自身の芸術研究活動を深め社会貢献活動へと繋げる為、特定の領域について課題や仮定設定及び評価分析を試みる。今回は統合美学と社会設計:日本と西洋の芸術的連関による新生活環境モデルの構築について、下記の通り研究方向を定めてみる。
1.研究内容
現代社会が直面する都市の均質化、環境破壊、個人の孤立といった課題は、人間が世界をどのように認識し、構築するかという美学的・哲学的前提に依存しているのではないか。
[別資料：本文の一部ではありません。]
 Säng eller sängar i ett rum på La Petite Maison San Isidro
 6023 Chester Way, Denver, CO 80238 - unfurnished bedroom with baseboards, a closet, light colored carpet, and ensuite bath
西洋近代の合理主義は自然を支配し空間を分割することで発展を遂げ、日本の伝統的な自然観や空間意識は主体と客体の境界を曖昧にし関係性を重視するが、近代化の過程で周縁化されてきた。この過程は、美術史・哲学・社会設計を統合し、日本と西洋の美学的差異を解明した上で、生活環境に機能する新しい芸術モデルの構築を目指せるのではないか。
2.検討方法
- 日本と西洋における視覚構造、自然観、主体性、素材・技法を軸にした美術史の構造的比較。
- 哲学的背景、社会制度・技術革新といった根本要因の分析。
- 近代化、グローバル化、デジタル化を通じた両者の変化と接続の検討。
- 西洋の構造的自律性と日本の環境的浸透性を補完関係として統合する芸術モデルの提示。
3.推論
- 西洋美学は分析的・静的・個人中心であり、日本美学は全体的・動的・関係中心であるか。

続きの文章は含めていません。